2. Certificates. Every holder of a fully paid share shall be entitled to receive a certificate evidencing such holding. All certificates shall be signed personally or by facsimile by an authorized officer and shall be numbered and recorded in a stock register maintained by the Cooperative. Each certificate shall contain a prominent notation that it is not transferable and that voting rights pertain only to ownership in the Cooperative on the basis of one voice or vote per owner. The Cooperative may issue a replacement certificate for any certificate alleged to have been lost, stolen or destroyed without requiring the giving of a bond or other security against related losses.
3. Redemption. Upon request following termination of ownership, common shares shall be redeemed when replacement capital is provided by other owners. Such shares shall be redeemable at the lesser of their carrying value on the books of the Cooperative or their net book value, less a reasonable processing fee, if any, as determined under a uniform policy by the Board. Redemption proceeds shall be subject to offset by amounts due and payable to the Cooperative by the owner. No redemption shall be made when such payment would impair the ability of the Cooperative to meet its other obligations as they become due. Reapplications for ownership after full or partial redemption shall be subject to full repayment of redemption proceeds. The Cooperative shall have the right to recall, at its carrying value on the books of the Cooperative, any shares held by an owner in excess of the amount required for ownership status.
V. DISTRIBUTIONS OF NET SAVINGS
1. Patronage refunds. The Cooperative shall annually allocate and distribute to its patrons as patronage refunds its adjusted net savings from business done with them in such manner and within such time as to constitute patronage dividends within the meaning of federal income tax law. Any allocations of such a nominal amount as not to justify the expenses of distribution may, as determined by the Board, be excluded from distribution provided that they are not then or later distributed to other patrons.
2. Adjusted net savings. In determining adjusted net savings, the net savings of the Cooperative derived from the excess of revenues over costs and expenses, to the extent attributable to business done with patrons and otherwise allowable under federal income tax law, shall be reduced by: (i) not less than ten percent of such savings as a reserve fund until there is accumulated net savings of not less than fifty percent of paid- up capital stock, such additions to the reserve fund being allocated or allocable on a patronage basis; (ii) not less than five percent of the remaining savings as an educational fund to be used in teaching cooperation; and (iii) such reasonable reserves for necessary business purposes as is determined by the Board. Additions to required reserve and educational funds may, as determined by the Board, be made from nonpatronage- sourced earnings or from earnings attributable to non-owner business. In determining adjusted net savings, the Cooperative shall use a single allocation unit except to the extent that, subsequent to the adoption of these by-laws, it shall engage in any new and distinct line of business.

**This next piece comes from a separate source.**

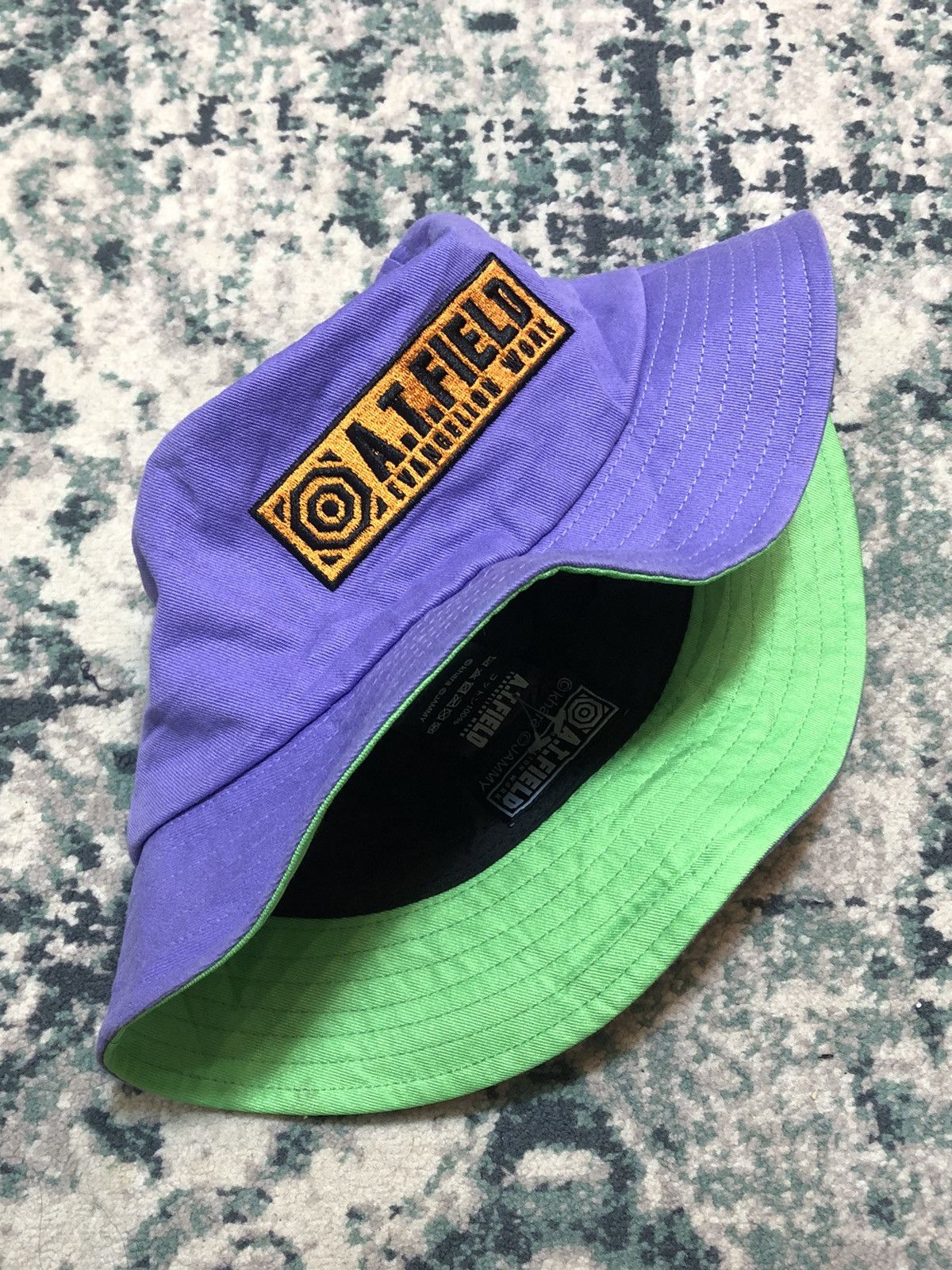 Anime × Japanese Brand Nerv Evagelion Work A.T Field By Khara Bucket Hats Size ONE SIZE - 11 Thumbnail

3. Distribution and notice. Adjusted net savings shall be allocated to participating patrons in the proportion which their patronage bears to the total of all patronage during the fiscal year. In the case of non-owners, such patronage must be evidenced by tabulated receipts for all or selected purchases from the Cooperative, and must be remitted to the Cooperative within the time determined by the Board. Patronage refunds to owners shall be evidenced by written notices of allocation delivered to recipient patrons within eight months and fifteen days following the close of the fiscal year. Such notices shall be accompanied by checks in an amount determined by the Board which must be at least twenty percent of the total allocation. No part of patronage refunds to participating non-owners shall be currently distributed.
4. Consent of owners. By obtaining or retaining ownership in the Cooperative, each owner shall thereby consent to take into account, in the manner and to the extent required by Section 1385 of the Internal Revenue Code, the stated dollar amount of any qualified written notice of allocation in the taxable year in which such notice is received.
5. Amounts not currently distributed. The portion of patronage refunds not currently distributed by check shall:
(a) in the case of owners whose share purchase requirement is fully paid, be credited towards purchase of additional shares in their names;
(b) in the case of subscribers, be credited to their share accounts; and
(c) in the case of participating non-owners, be credited to provisional share accounts in their names.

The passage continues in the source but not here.